Records excerpted from a collection
*****

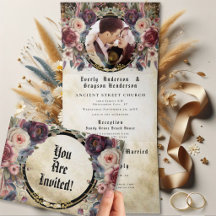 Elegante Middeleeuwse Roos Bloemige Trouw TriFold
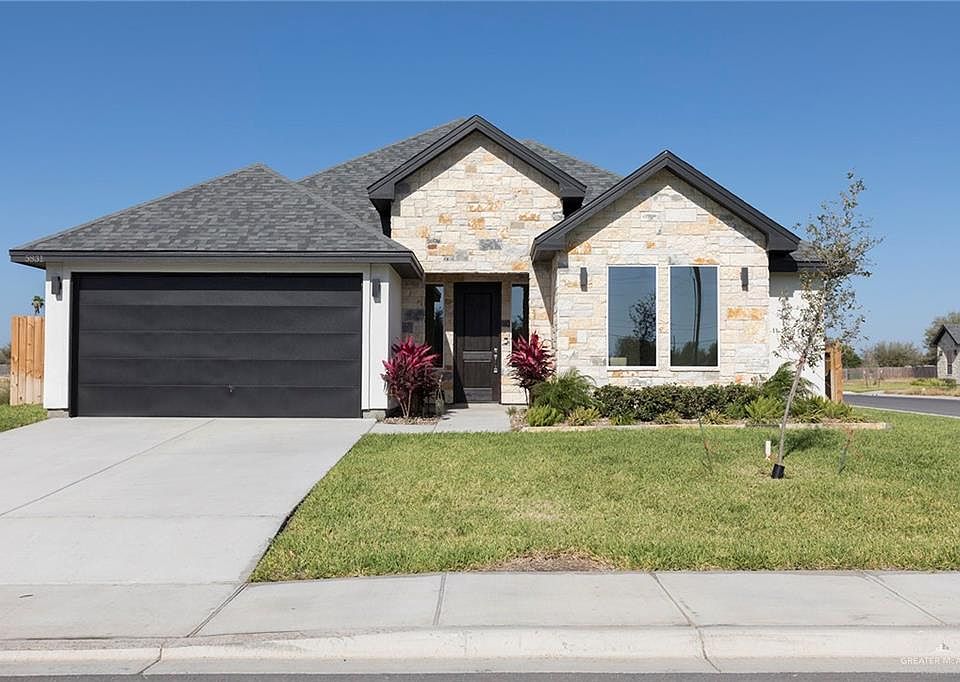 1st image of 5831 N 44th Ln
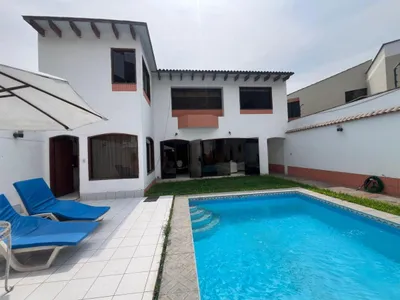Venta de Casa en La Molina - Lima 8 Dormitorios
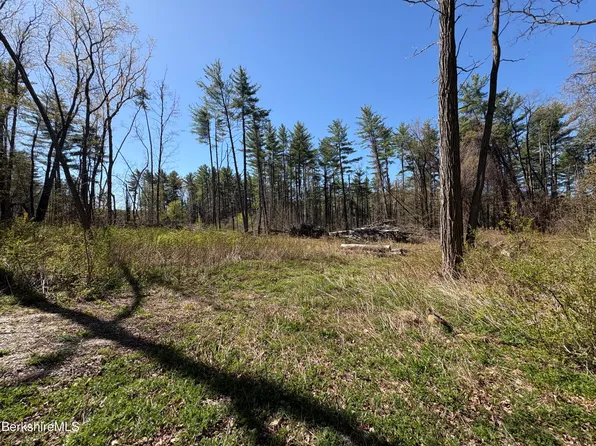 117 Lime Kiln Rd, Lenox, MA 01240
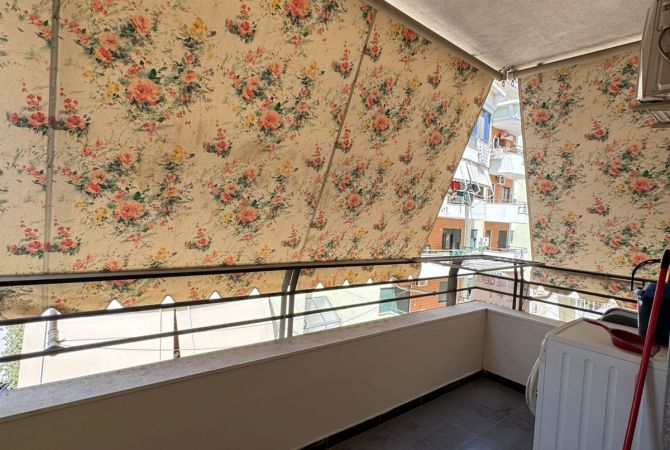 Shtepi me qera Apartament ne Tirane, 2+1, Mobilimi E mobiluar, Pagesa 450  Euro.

*****

● PROBLEM DESCRIPTION
Please reproduce the lines above from the one containing "Venta de Casa" through the final line, exactly and inclusively, leaving out each picture.

● OUTPUT FOR THIS EXERCISE
Venta de Casa en La Molina - Lima 8 Dormitorios
 117 Lime Kiln Rd, Lenox, MA 01240
 Shtepi me qera Apartament ne Tirane, 2+1, Mobilimi E mobiluar, Pagesa 450  Euro.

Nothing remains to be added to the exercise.